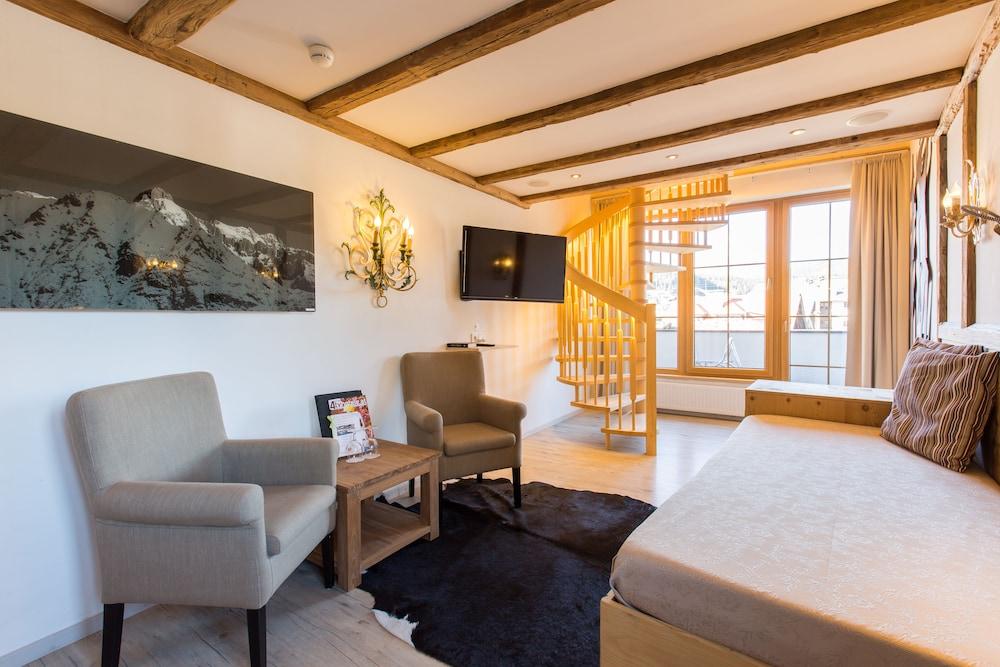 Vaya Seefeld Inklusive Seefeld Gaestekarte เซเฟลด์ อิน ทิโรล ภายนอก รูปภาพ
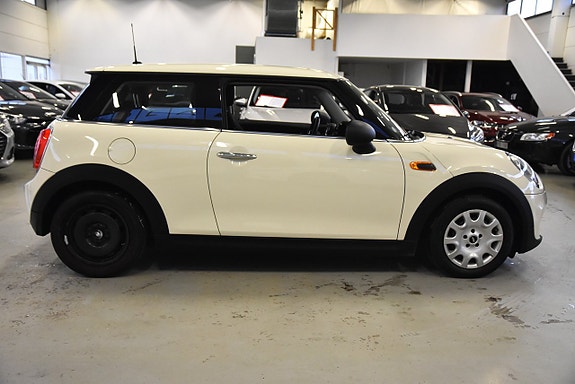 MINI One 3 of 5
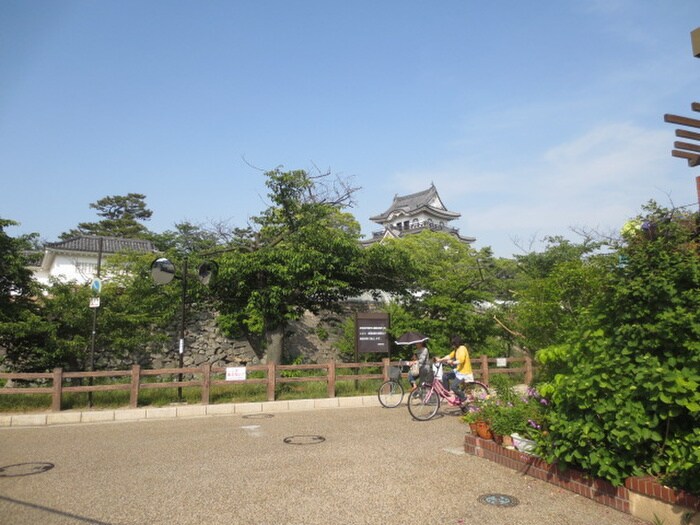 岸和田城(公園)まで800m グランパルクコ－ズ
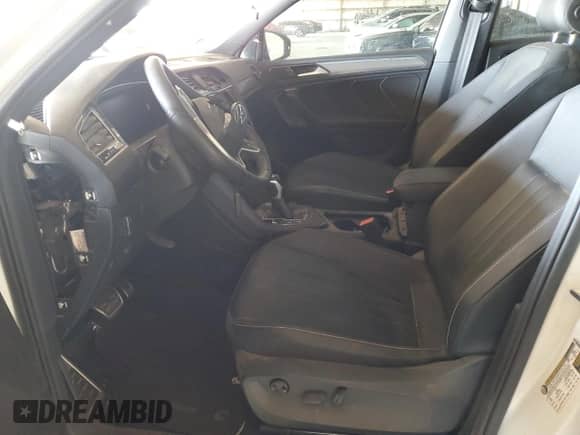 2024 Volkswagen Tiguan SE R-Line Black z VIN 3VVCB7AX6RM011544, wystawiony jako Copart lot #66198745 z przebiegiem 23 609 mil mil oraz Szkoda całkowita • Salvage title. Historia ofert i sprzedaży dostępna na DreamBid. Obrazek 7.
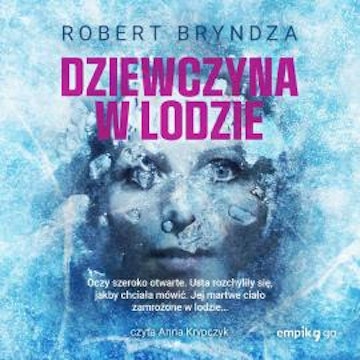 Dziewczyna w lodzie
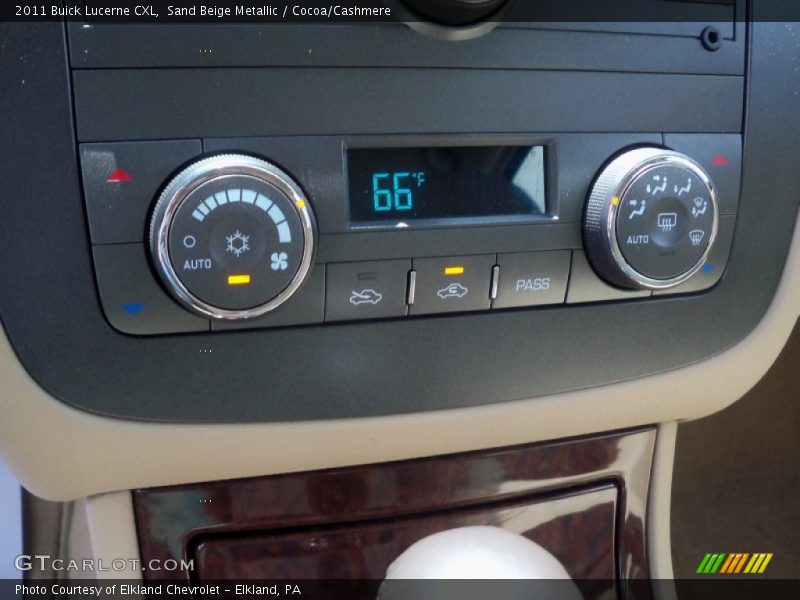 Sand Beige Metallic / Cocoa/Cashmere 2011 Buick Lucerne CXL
+-------+
### [What is expected]
Retype the line containing "MINI One 3 of 5" and all lines after it to the end of the material, exactly as written, leaving out any pictures.

### [Answer box]
 MINI One 3 of 5
 岸和田城(公園)まで800m グランパルクコ－ズ
 2024 Volkswagen Tiguan SE R-Line Black z VIN 3VVCB7AX6RM011544, wystawiony jako Copart lot #66198745 z przebiegiem 23 609 mil mil oraz Szkoda całkowita • Salvage title. Historia ofert i sprzedaży dostępna na DreamBid. Obrazek 7.
 Dziewczyna w lodzie
 Sand Beige Metallic / Cocoa/Cashmere 2011 Buick Lucerne CXL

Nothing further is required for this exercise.